## WORK REQUIRED
Retype exactly what appears below from the line containing "Beytarla köyünde Beypzarı" down to the line containing "144 Main Road, TOUKLEY", keeping both end lines. Do not include pictures.

## EXERCISE DATA
++++
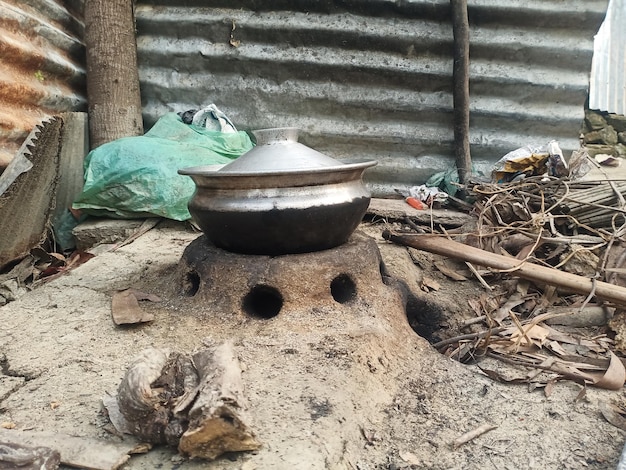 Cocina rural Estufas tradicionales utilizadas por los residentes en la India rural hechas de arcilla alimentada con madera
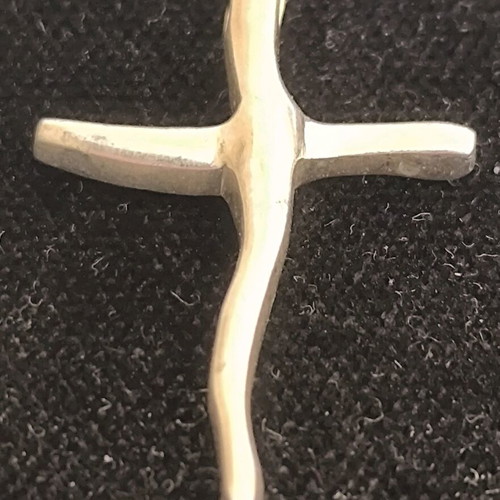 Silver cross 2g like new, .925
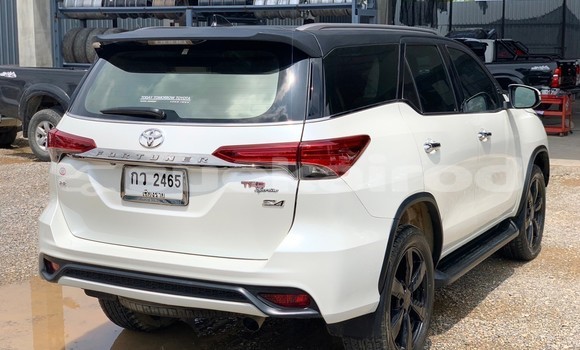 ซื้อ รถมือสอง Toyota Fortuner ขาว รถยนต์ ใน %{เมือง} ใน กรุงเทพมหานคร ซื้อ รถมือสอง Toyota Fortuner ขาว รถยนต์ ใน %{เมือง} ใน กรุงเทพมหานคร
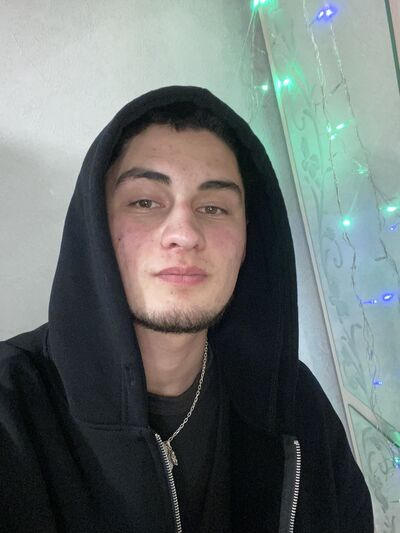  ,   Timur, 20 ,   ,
++++
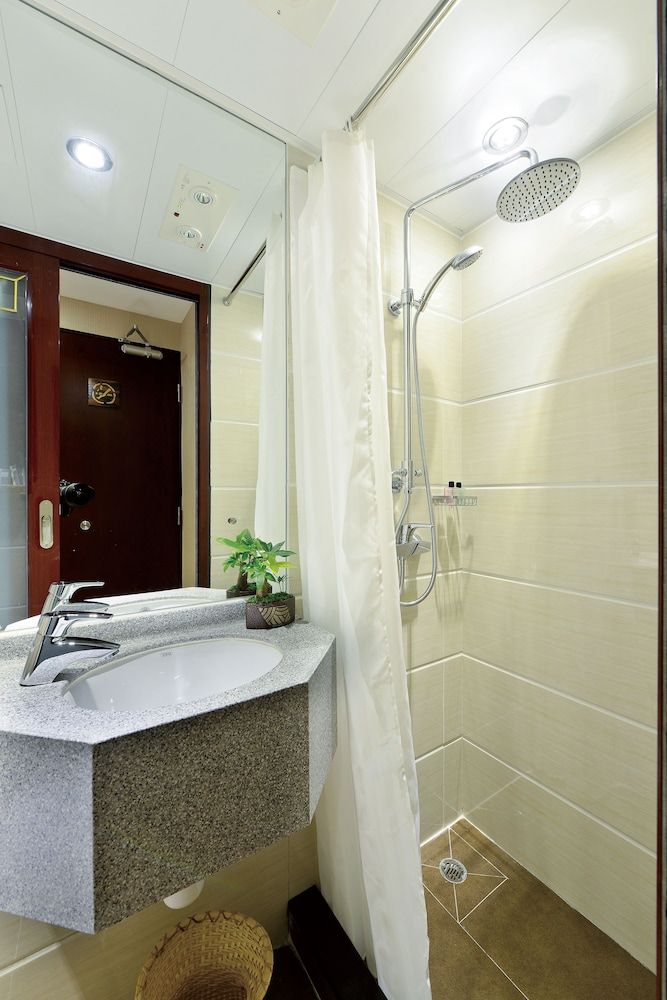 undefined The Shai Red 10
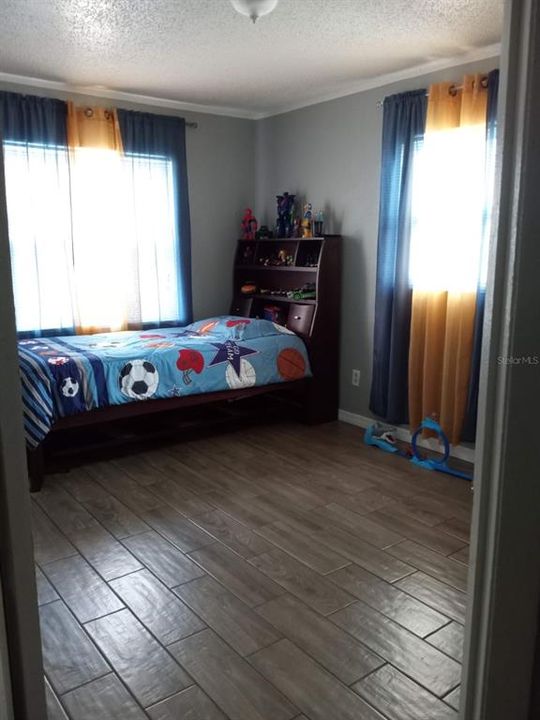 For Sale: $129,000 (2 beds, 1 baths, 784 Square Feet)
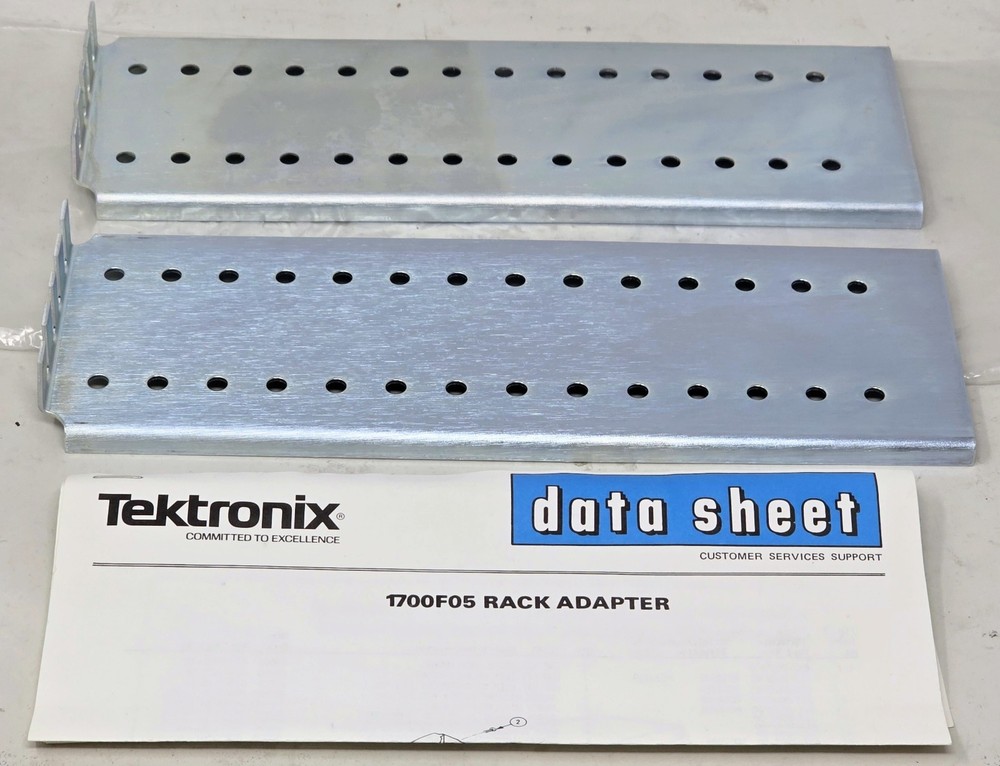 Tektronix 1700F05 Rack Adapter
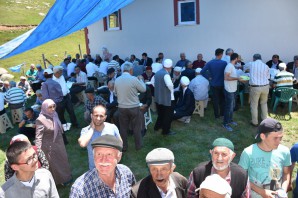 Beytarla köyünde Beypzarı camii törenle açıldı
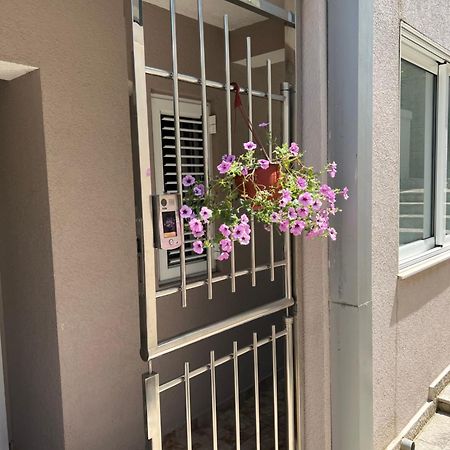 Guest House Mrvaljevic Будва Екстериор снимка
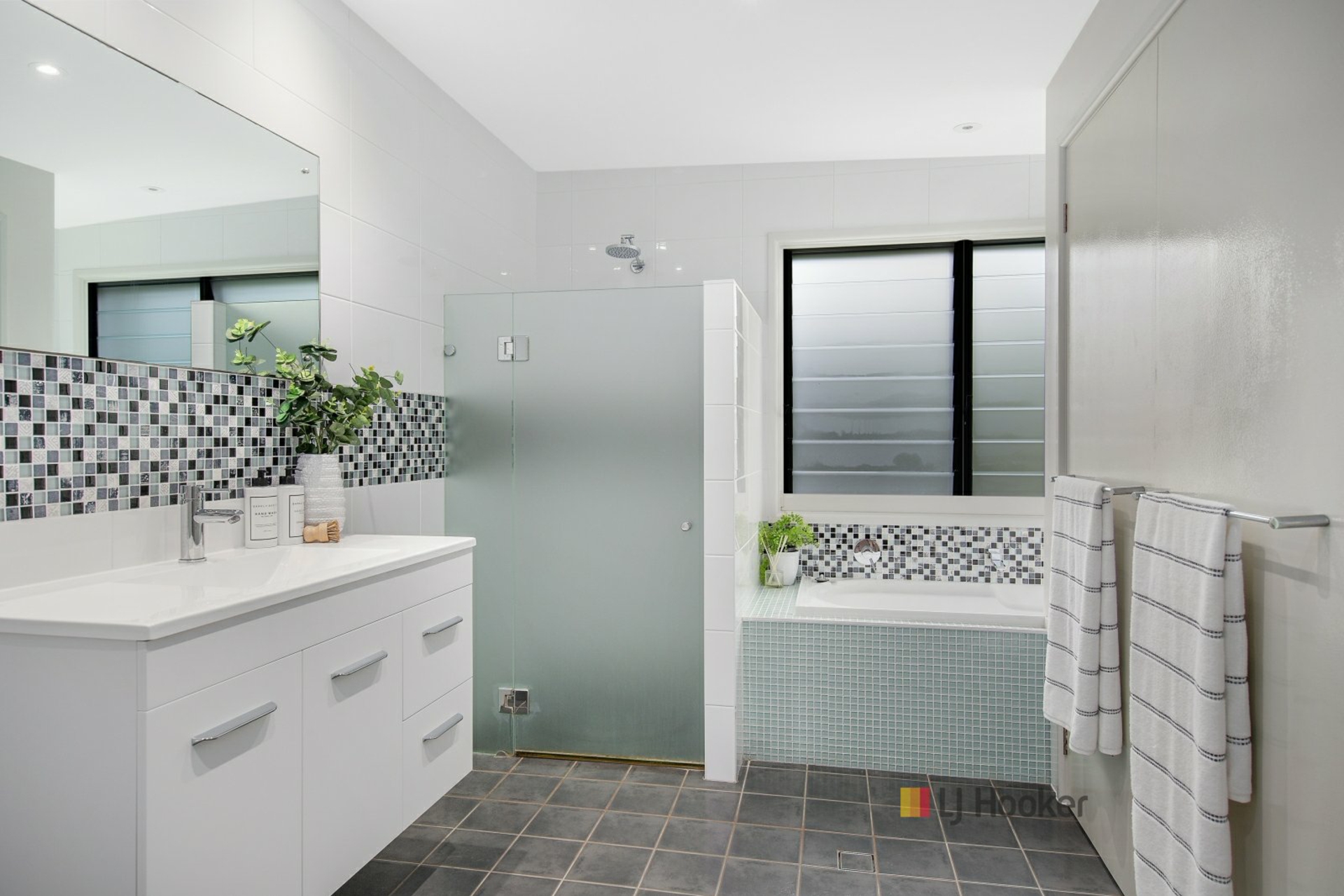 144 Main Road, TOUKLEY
++++
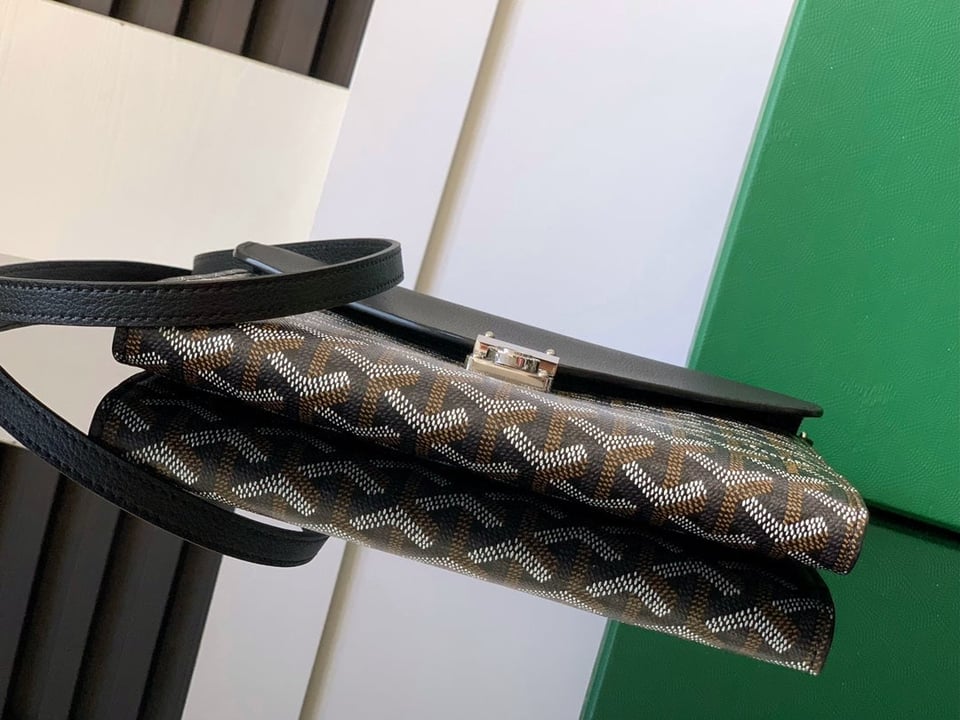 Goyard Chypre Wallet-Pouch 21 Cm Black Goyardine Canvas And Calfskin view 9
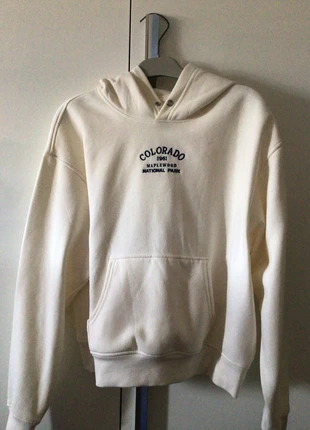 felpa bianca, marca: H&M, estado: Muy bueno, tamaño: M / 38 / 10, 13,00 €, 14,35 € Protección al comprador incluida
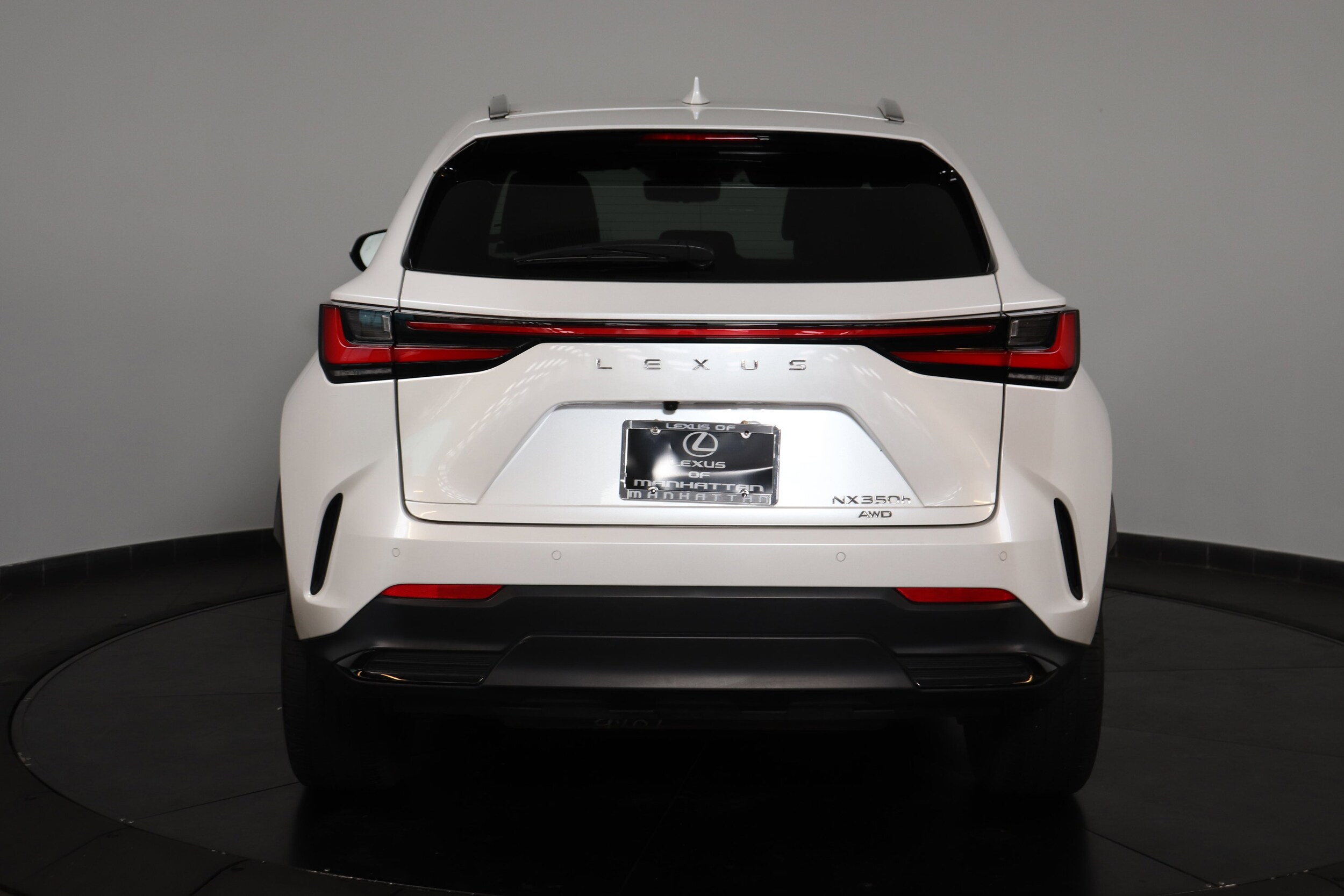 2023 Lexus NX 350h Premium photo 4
++++
## SOLVED PROBLEM
 Beytarla köyünde Beypzarı camii törenle açıldı
 Guest House Mrvaljevic Будва Екстериор снимка
 144 Main Road, TOUKLEY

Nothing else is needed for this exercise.